The UAT justifies using neural networks as a flexible function class. Before this result, it was unclear whether neural networks could represent the functions arising in real-world tasks. The theorem says they can, at least in principle, even with a single hidden layer.

The theorem does not bound $N$ (the required width). For some functions, $N$ may need to be exponentially large in the input dimension $d$. The theorem does not address optimization (can gradient descent find the right weights?) or generalization (will the approximation work on unseen inputs?). A network with $N$ parameters fit to $n < N$ data points can perfectly interpolate training data while computing arbitrary nonsense elsewhere.

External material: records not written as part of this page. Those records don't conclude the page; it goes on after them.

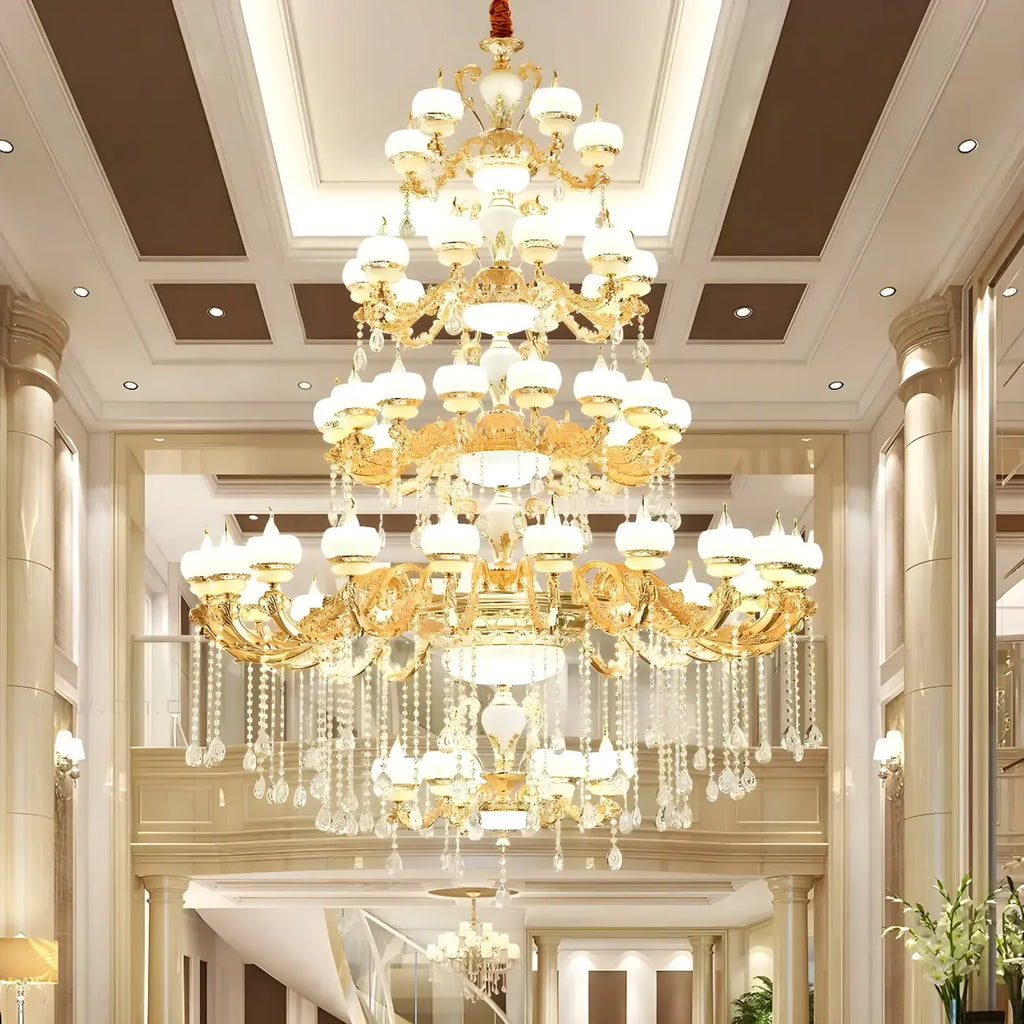 Large Gold Multi-Tier up Light Crystal Pendant Ceiling Chandelier
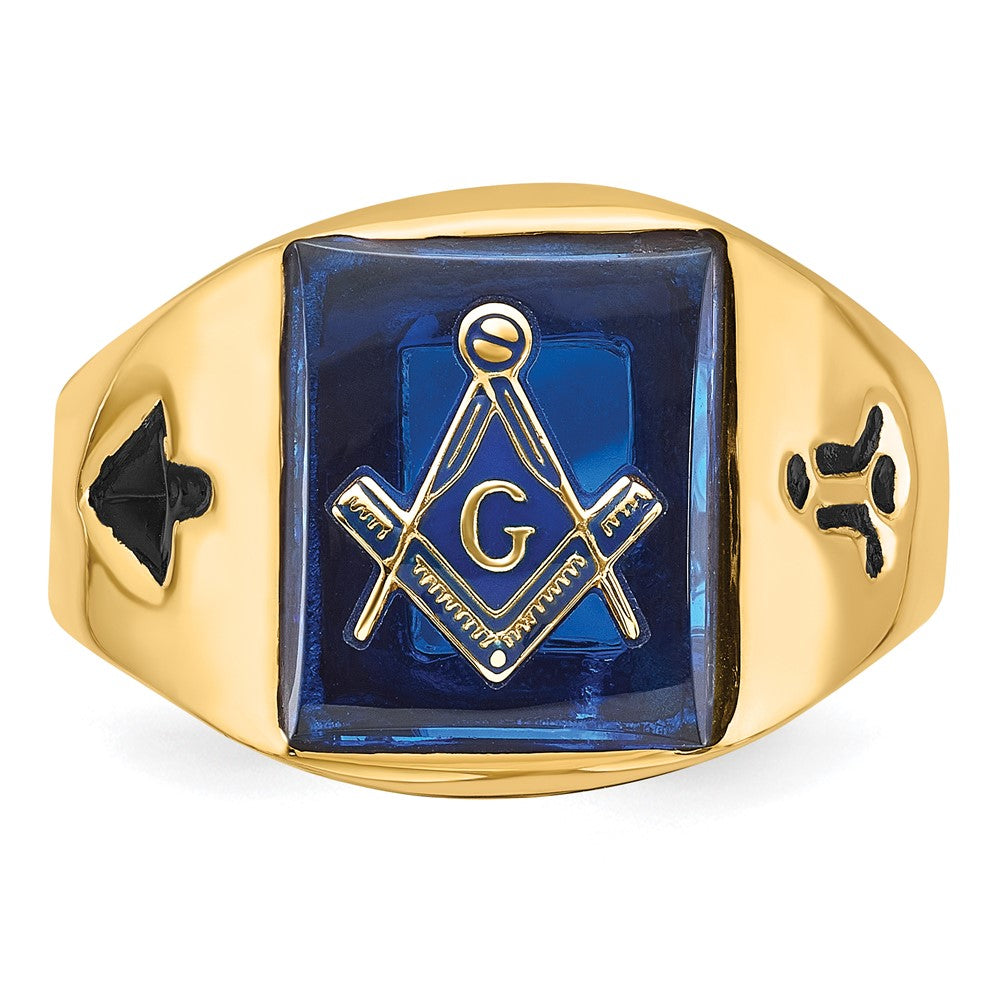 14k Men's Grooved w/ Black Enamel & Imit. Blue Spinel Masonic Ring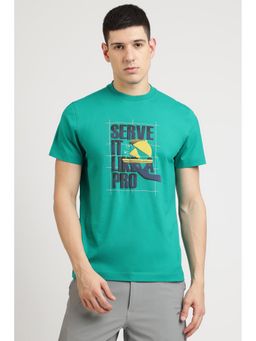 Reebok - Men Green Round Neck T-Shirt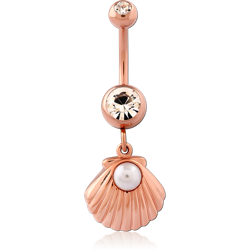 ROSE GOLD PVD COATED SURGICAL STEEL GRADE 316L DOUBLE JEWELED NAVEL BANANA WITH CHARM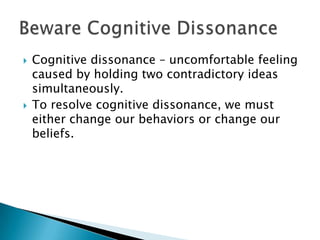 Locus of control-refers to an individual’s generalized expectations concerning where control over events resides. In simple terms, who or what is responsible for what happens.Internal LOC – responsibility rests with usExternal LOC – responsibility rests with the environmentLocus of Control
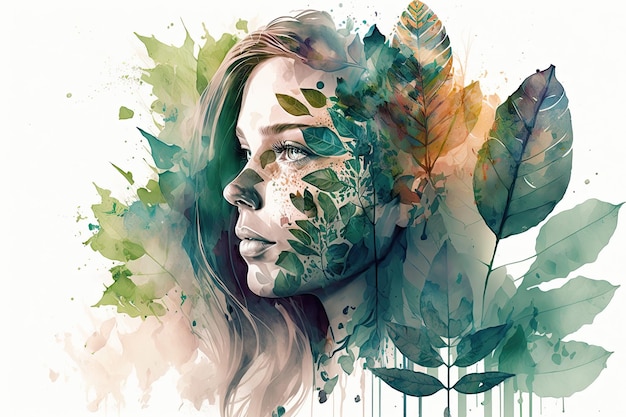 Double exposure portrait woman with a plants and leaves Colorful creative illustration Generative AI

There exist families of functions that can be represented exactly by a ReLU network of depth $k$ and width $O(d)$, but require width $\Omega(2^{k-1})$ if restricted to depth 2 (a single hidden layer). Deeper networks can be exponentially more parameter-efficient than shallow ones.

Depth enables composition. A function that is naturally expressed as $f_k \circ f_{k-1} \circ \cdots \circ f_1$ can be represented with $O(kd)$ parameters using $k$ layers, each implementing one $f_i$. A single hidden layer must "flatten" this composition, requiring exponentially many neurons to represent all the intermediate computations simultaneously.

This explains why deep networks outperform shallow wide networks in practice. Real-world functions (image classification, language modeling) are compositional in nature: edges compose into textures, textures into parts, parts into objects. Deep networks exploit this compositional structure; shallow networks cannot.

Depth separation results are worst-case. For some function classes (e.g., smooth functions with bounded derivatives), shallow networks approximate almost as efficiently as deep ones. The practical advantage of depth depends on whether the target function has compositional structure.